DEFAULT_CAMERA_CONFIG = {
    "azimuth": 90.0,
    "distance": 3.0,
    "elevation": -25.0,
    "lookat": np.array([0., 0., 0.]),
    "fixedcamid": 0,
    "trackbodyid": -1,
    "type": 2,
}

class Go1MujocoEnv(MujocoEnv):
    """Custom Environment that follows gym interface."""

    metadata = {
        "render_modes": [
            "human",
            "rgb_array",
            "depth_array",
        ],
    }

    def __init__(self, **kwargs):
        model_path = Path(f"/content/RL_DEMO/unitree_go1/scene_position.xml")
        MujocoEnv.__init__(
            self,
            model_path=model_path.absolute().as_posix(),
            frame_skip=10,  # Perform an action every 10 frames (dt(=0.002) * 10 = 0.02 seconds -> 50hz action rate)
            observation_space=None,  # Manually set afterwards
            default_camera_config=DEFAULT_CAMERA_CONFIG,
            **kwargs,
        )

        # Update metadata to include the render FPS
        self.metadata = {
            "render_modes": [
                "human",
                "rgb_array",
                "depth_array",
            ],
            "render_fps": 60,
        }
        self._last_render_time = -1.0
        self._max_episode_time_sec = 15.0
        self._step = 0

        # Weights for the reward and cost functions
        self.reward_weights = {
            "linear_vel_tracking": 2.0,  # Was 1.0
            "angular_vel_tracking": 1.0,
            "healthy": 0.0,  # was 0.05
            "feet_airtime": 1.0,
        }
        self.cost_weights = {
            "torque": 0.0002,
            "vertical_vel": 2.0,  # Was 1.0
            "xy_angular_vel": 0.05,  # Was 0.05
            "action_rate": 0.01,
            "joint_limit": 10.0,
            "joint_velocity": 0.01,
            "joint_acceleration": 2.5e-7,
            "orientation": 1.0,
            "collision": 1.0,
            "default_joint_position": 0.1
        }

        self._curriculum_base = 0.3
        self._gravity_vector = np.array(self.model.opt.gravity)
        self._default_joint_position = np.array(self.model.key_ctrl[0])

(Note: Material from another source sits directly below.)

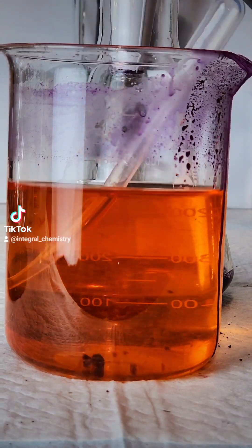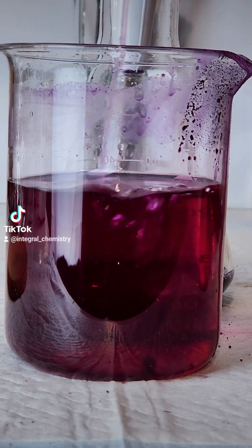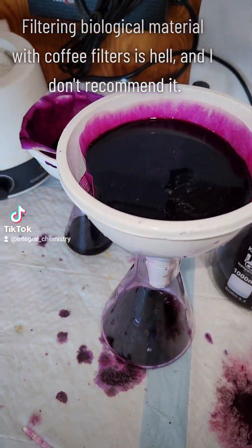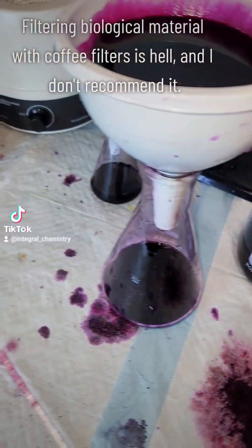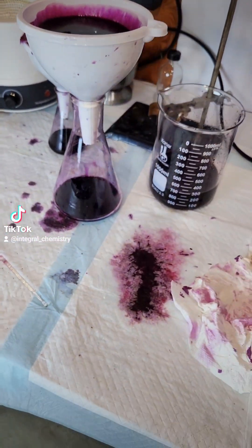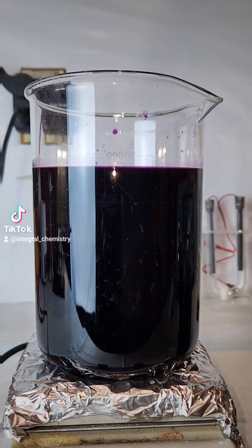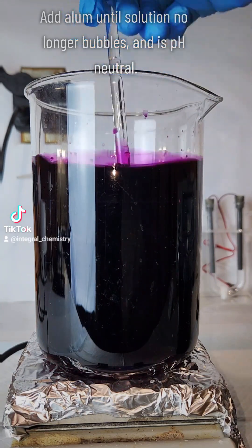What I'm demonstrating here is that carminic acid is a natural pH indicator that will turn yellow in acidic conditions and dark purple in basic ones. I also spent about two days filtering off all my bug body material to leave me with a pure carminic acid solution. This took forever because biological material tends to gum up filters pretty bad, but it was the best idea I had at the time.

        # vx (m/s), vy (m/s), wz (rad/s)
        self._desired_velocity_min = np.array([0.5, -0.0, -0.0])
        self._desired_velocity_max = np.array([0.5, 0.0, 0.0])
        self._desired_velocity = self._sample_desired_vel()  # [0.5, 0.0, 0.0]
        self._obs_scale = {
            "linear_velocity": 2.0,
            "angular_velocity": 0.25,
            "dofs_position": 1.0,
            "dofs_velocity": 0.05,
        }
        self._tracking_velocity_sigma = 0.25

        # Metrics used to determine if the episode should be terminated
        self._healthy_z_range = (0.22, 0.65)
        self._healthy_pitch_range = (-np.deg2rad(10), np.deg2rad(10))
        self._healthy_roll_range = (-np.deg2rad(10), np.deg2rad(10))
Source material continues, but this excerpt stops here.